Literature
with an L absorbs my attention in rare book cataloguing here at home, online. A
translation by one of France’s greatest tragedians, Pierre Corneille (born 1606)
of ‘The Imitation of Christ’ into rhyming verse (Brussels, in the year of the translator’s
death, 1684). Notes: One of the most
read books of Western literature, ‘The Imitation of Christ’ is the product of a
religious movement in late medieval Germany and the Netherlands known as the Devotio
Moderna. Perhaps Corneille turned it into verse for public recitation, and because
it came naturally. It’s hard to say why, but it doesn’t matter: the book sold.
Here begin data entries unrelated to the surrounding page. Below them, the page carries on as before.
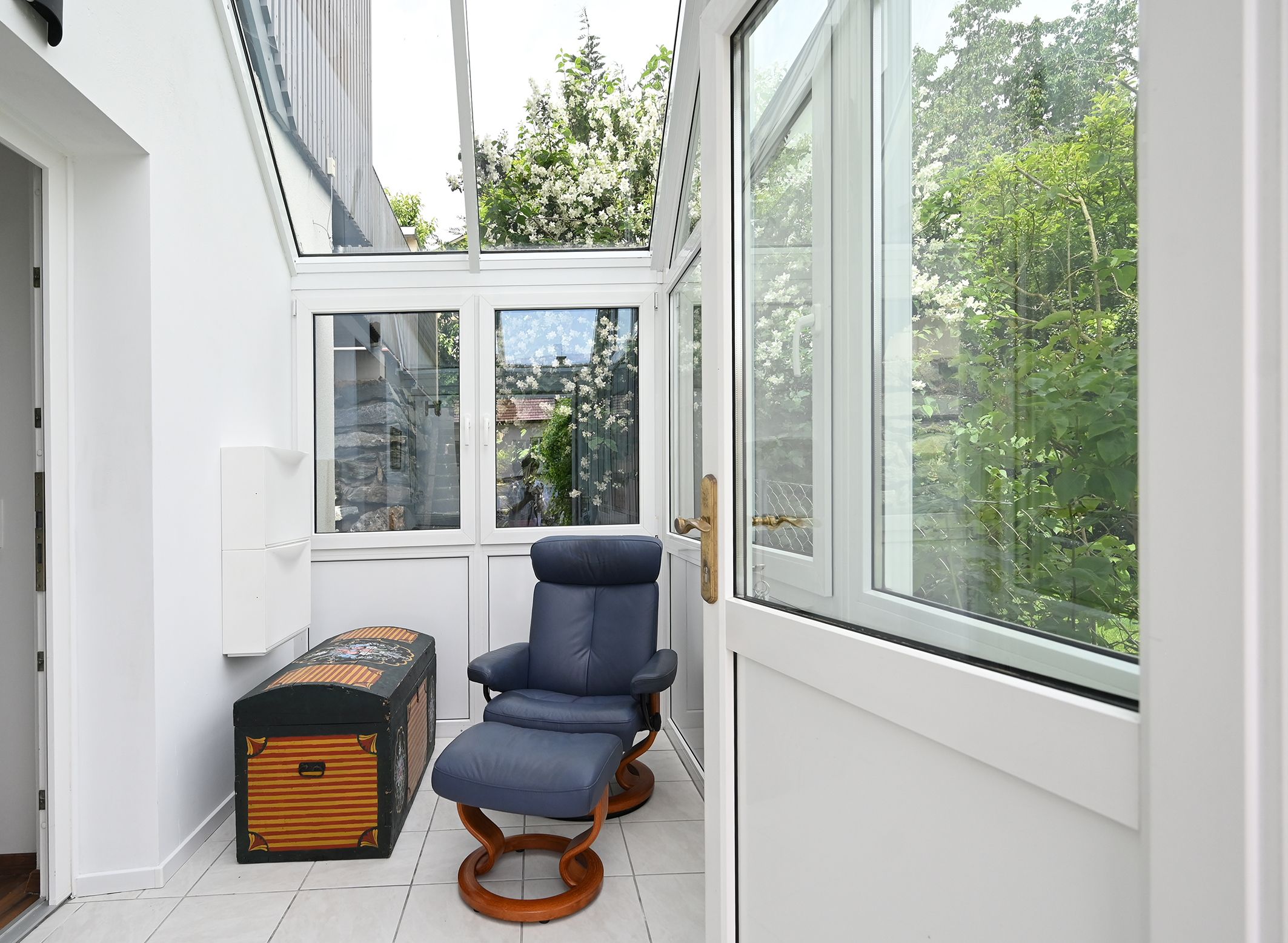 A bright anteroom with a blue armchair and a decorative chest, surrounded by large windows with a view of green plants.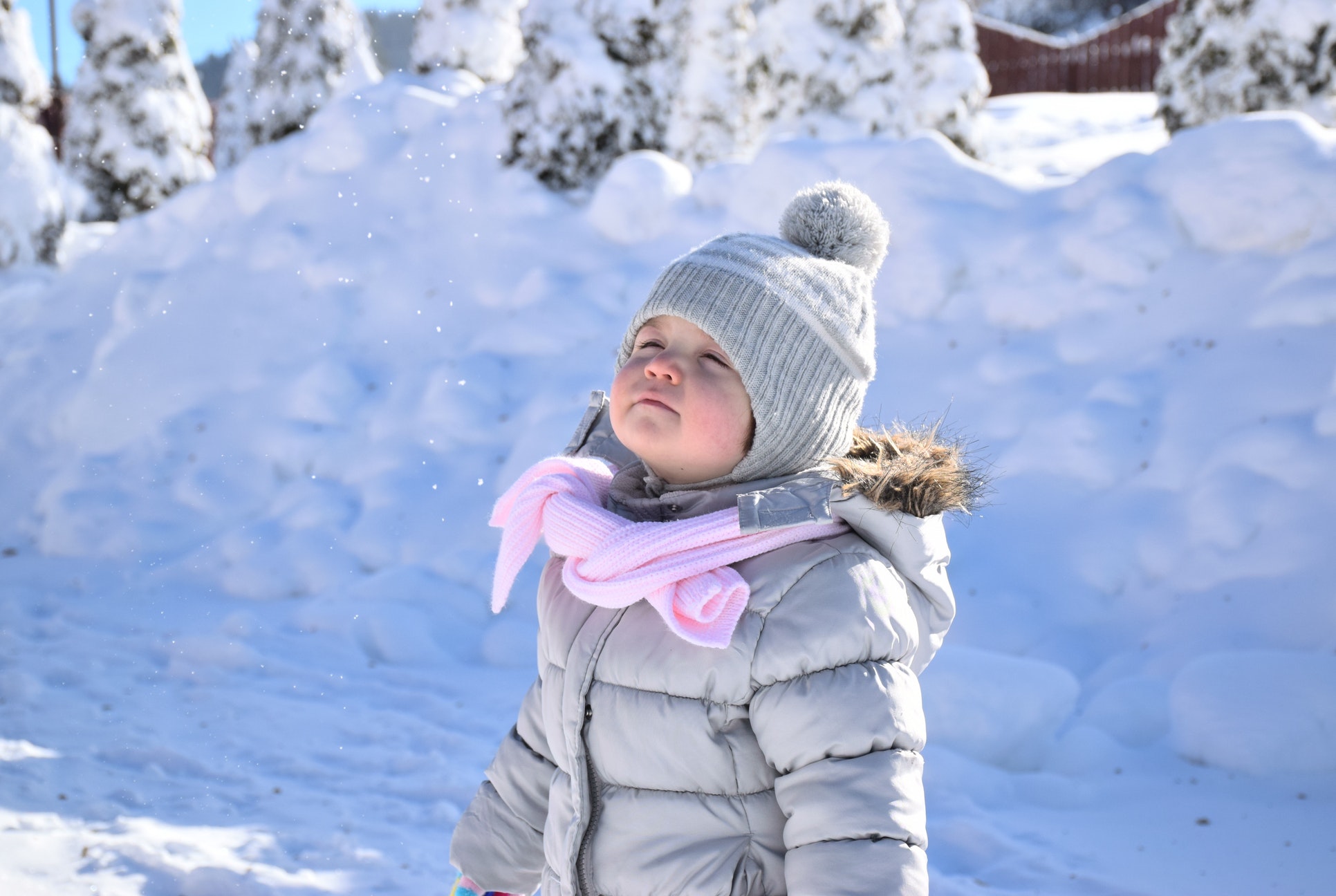 toddler in winter clothes in snow guide to winter break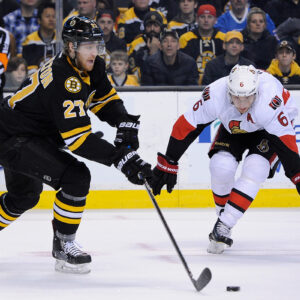 Dec 13, 2014; Boston Bruins defenseman Dougie Hamilton (27) clears the puck in front of Ottawa Senators right wing Bobby Ryan (6) during an NHL game in the TD Garden in Boston. (Photo: Brian Fluharty)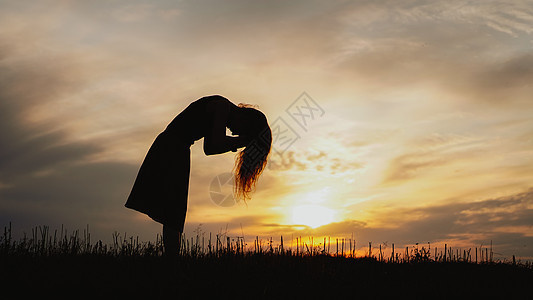 日落时站在干草地上的年轻女子的休眠女士头发地平线金子崇拜自由喜悦幸福成人天空图片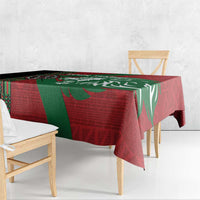 Red and green tablecloth with geometric border and lion illustration, draped on table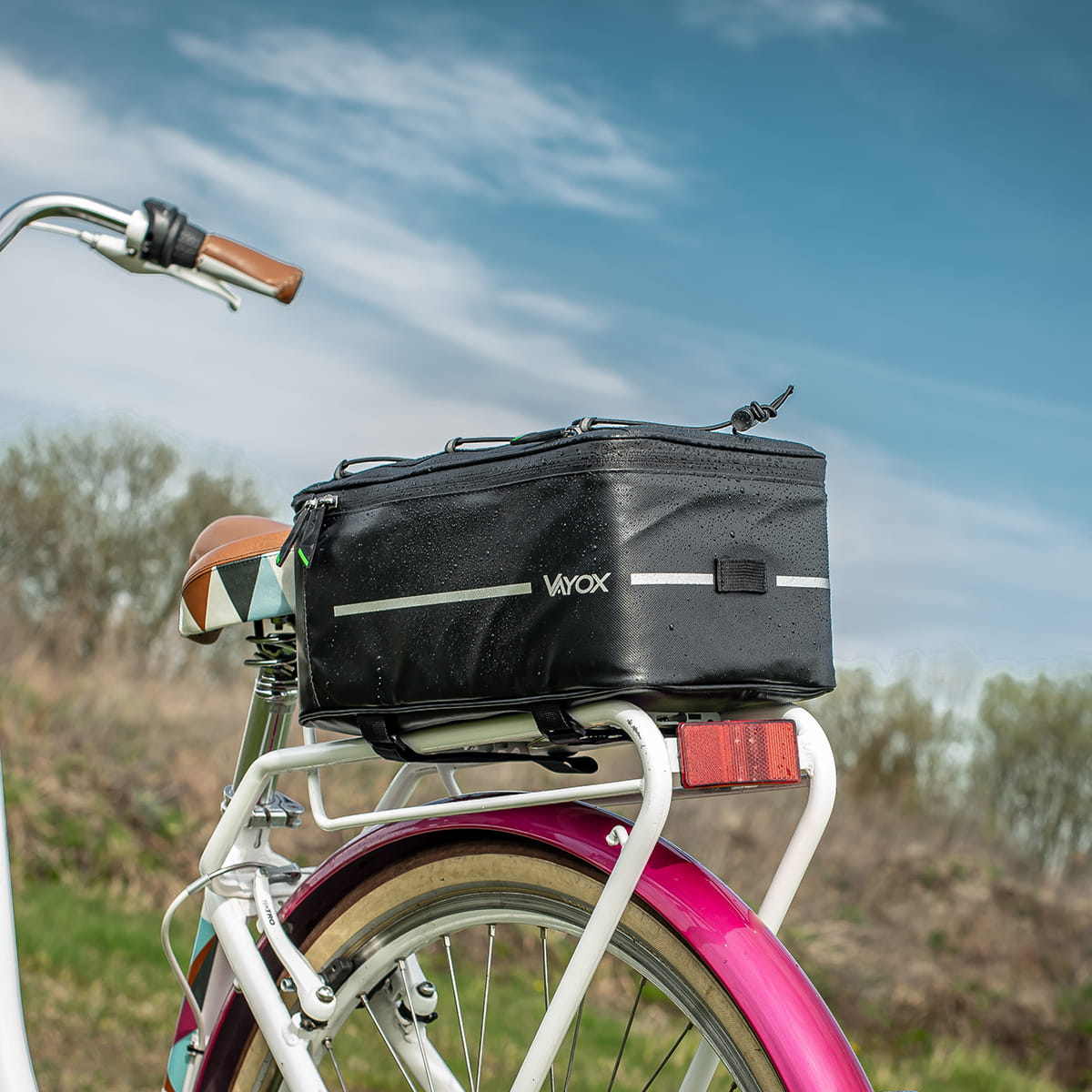 Czarna torba rowerowa zamontowana na bagażniku, z błękitnym niebem w tle.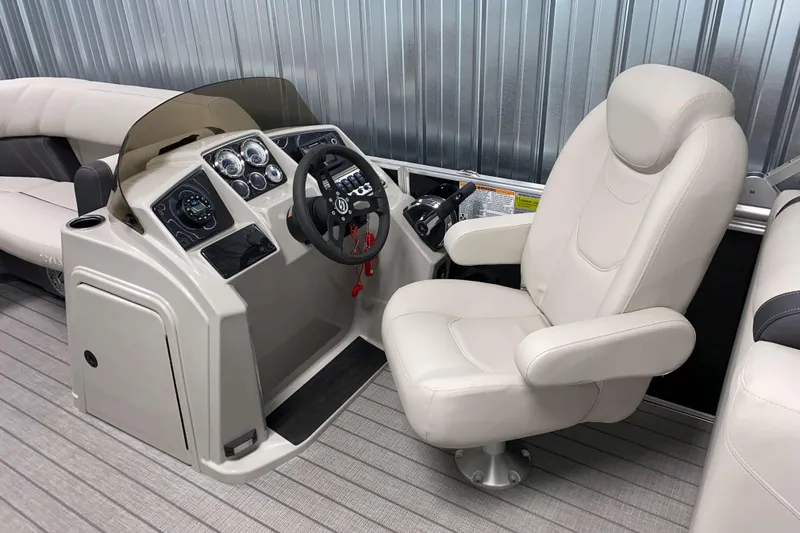 Slide: The Image of 2026 Sylvan Mirage 8522 LZ boat interior with captain's chair and control panel. - 6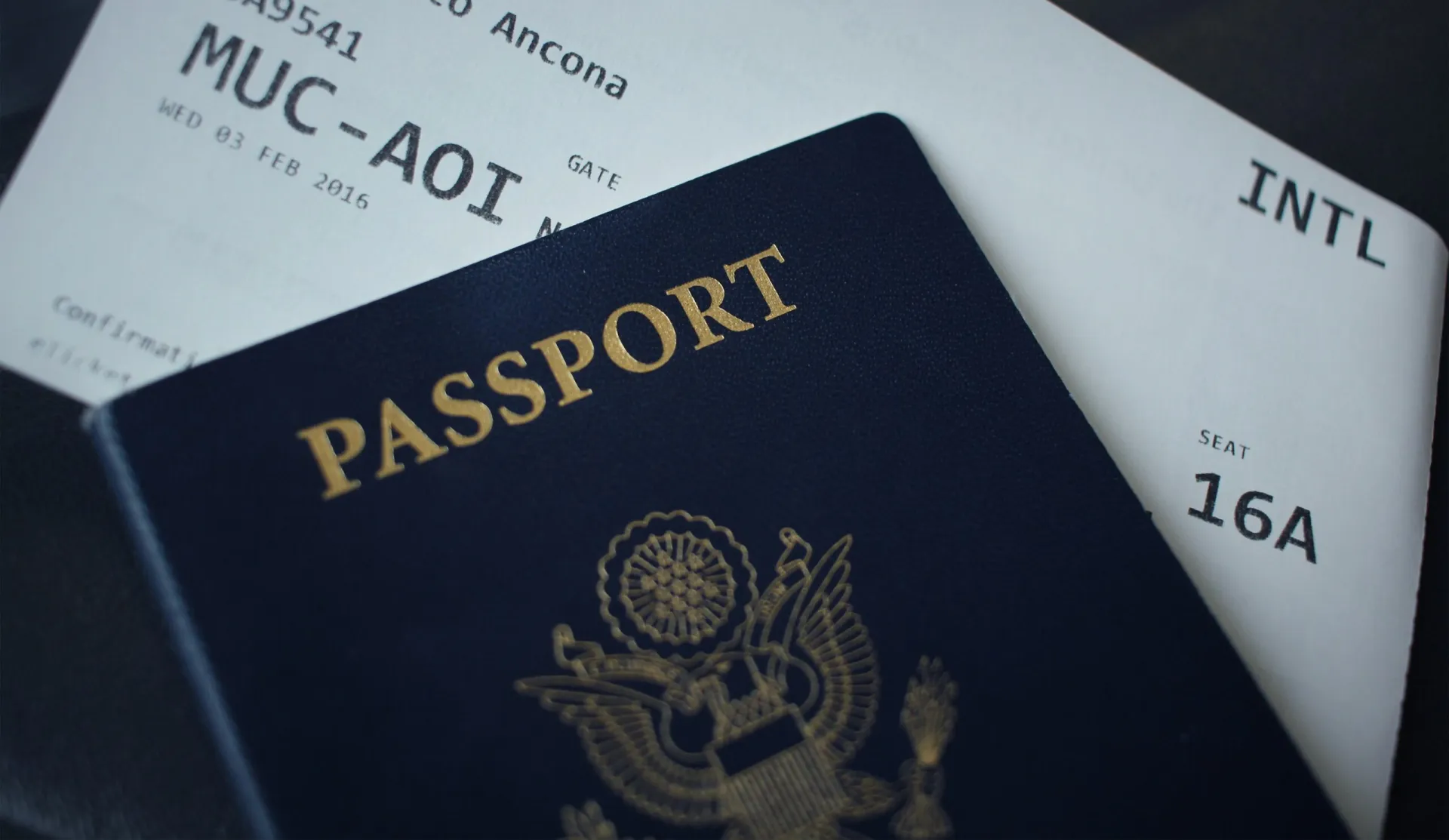 Passport on airplane ticket representing international travel document preparation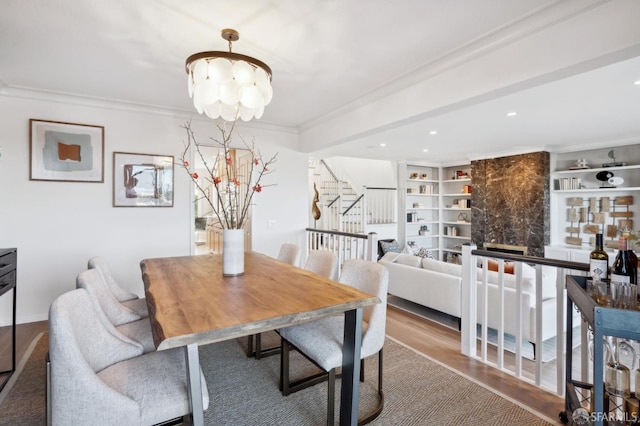 dining space with crown molding, hardwood / wood-style floors, a notable chandelier, and built in shelves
Although Thomas à Kempis is generally believed to be the author, dispute persists,
hence many catalogue descriptions of this work grudgingly give him an added
entry, just not to confuse anyone. Translations “by several hands” of Ovid’s Heroides, i.e. the Heroines, but called here
simply Epistles (London, 1680). Notes: Most of these rare books require
original cataloguing, that is to say I describe them from the ground up. Sometimes,
by good fortune, an online record is found and downloaded as occurred here, the
record containing information that would otherwise be missed. It is nowhere
stated, for example, unless you start reading the book, that the poet John Dryden
wrote the Preface. He needs his own entry. He translated three of the epistles,
including ‘Dido to Aeneas’. He collaborated with other poets, who need to be
listed. I’m especially excited to find a flowing version of one of Ovid’s Epistles
translated by Aphra Behn. Here is Virginia Woolf in ‘A Room of One’s Own’: “All
women together ought to
let flowers fall upon the tomb of Aphra Behn which is, most scandalously but
rather appropriately, in Westminster Abbey, for it was she who earned them the
right to speak their minds." Cicero’s Orations, edited and with copious
footnotes in Latin (!) by the Jesuit Charles Merouville (1625-1705), both for
edification and as models for sermon writers (London, 1784). Notes: When the
publisher does not spell the editor’s name correctly, the cataloguer shows patience,
fortitude, and cunning as he scours the best sources to confirm the right
spelling. In Merouville’s case, this is the Library of Congress Name Headings. Generations
of readers on both sides of La Manche used this work throughout the 18th
century, our own copy being this publisher’s Editio Undecima.